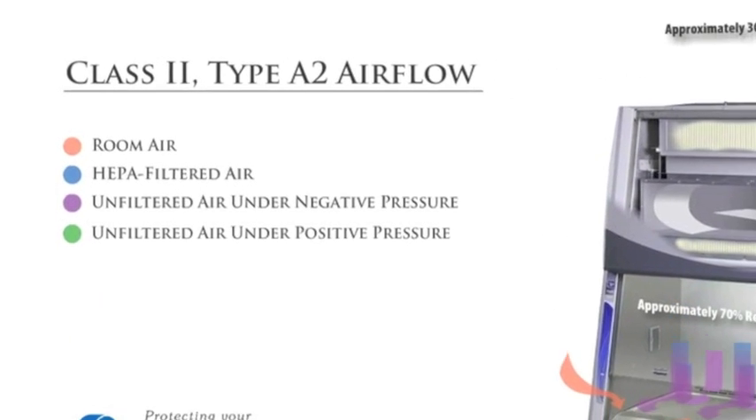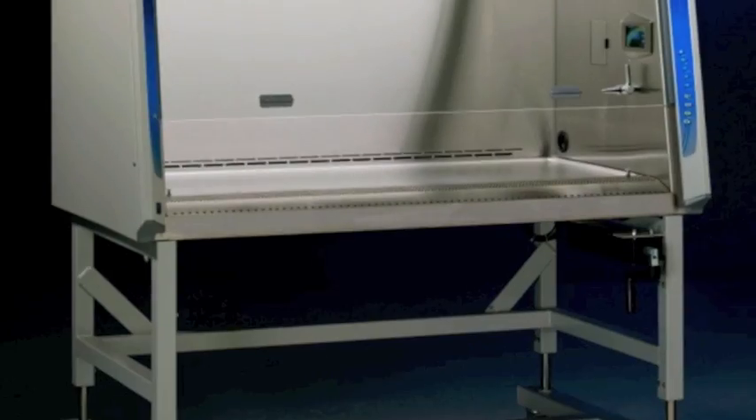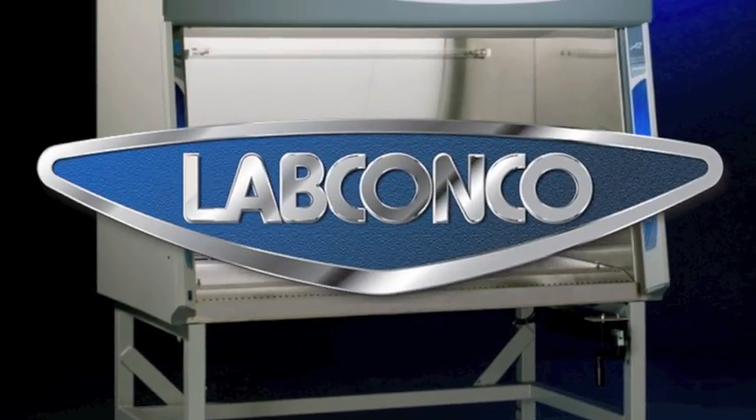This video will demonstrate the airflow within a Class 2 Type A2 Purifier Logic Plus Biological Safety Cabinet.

* * *

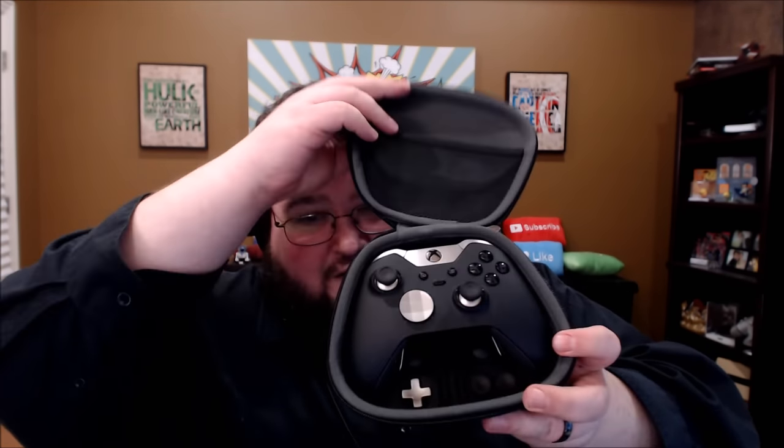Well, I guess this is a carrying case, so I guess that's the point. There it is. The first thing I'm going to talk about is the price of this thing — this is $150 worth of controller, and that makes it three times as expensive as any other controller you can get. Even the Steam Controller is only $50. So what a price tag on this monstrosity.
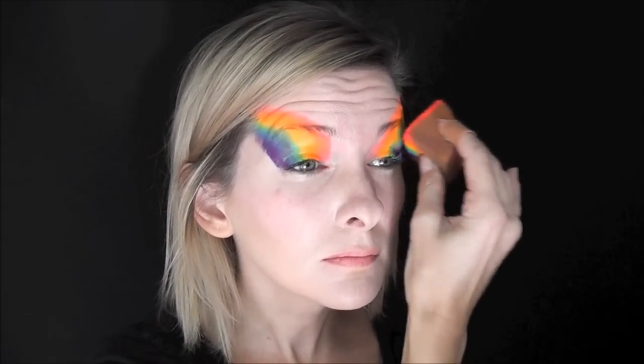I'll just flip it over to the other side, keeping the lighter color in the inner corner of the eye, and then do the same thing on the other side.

* * *

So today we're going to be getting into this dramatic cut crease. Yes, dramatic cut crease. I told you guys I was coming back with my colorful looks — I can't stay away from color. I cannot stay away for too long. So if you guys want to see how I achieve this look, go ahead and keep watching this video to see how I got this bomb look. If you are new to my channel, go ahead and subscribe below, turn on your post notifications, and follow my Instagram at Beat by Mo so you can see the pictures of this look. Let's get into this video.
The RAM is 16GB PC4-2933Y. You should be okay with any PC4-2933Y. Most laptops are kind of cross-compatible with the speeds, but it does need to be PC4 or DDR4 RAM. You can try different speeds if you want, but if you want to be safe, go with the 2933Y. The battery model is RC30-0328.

(Task requirements):
What is needed is an exact copy of only the lines above from the one with "Well, I guess" to the one with "I'll just flip", both kept, with every picture left out.

(Answer to this exercise):
Well, I guess this is a carrying case, so I guess that's the point. There it is. The first thing I'm going to talk about is the price of this thing — this is $150 worth of controller, and that makes it three times as expensive as any other controller you can get. Even the Steam Controller is only $50. So what a price tag on this monstrosity.
I'll just flip it over to the other side, keeping the lighter color in the inner corner of the eye, and then do the same thing on the other side.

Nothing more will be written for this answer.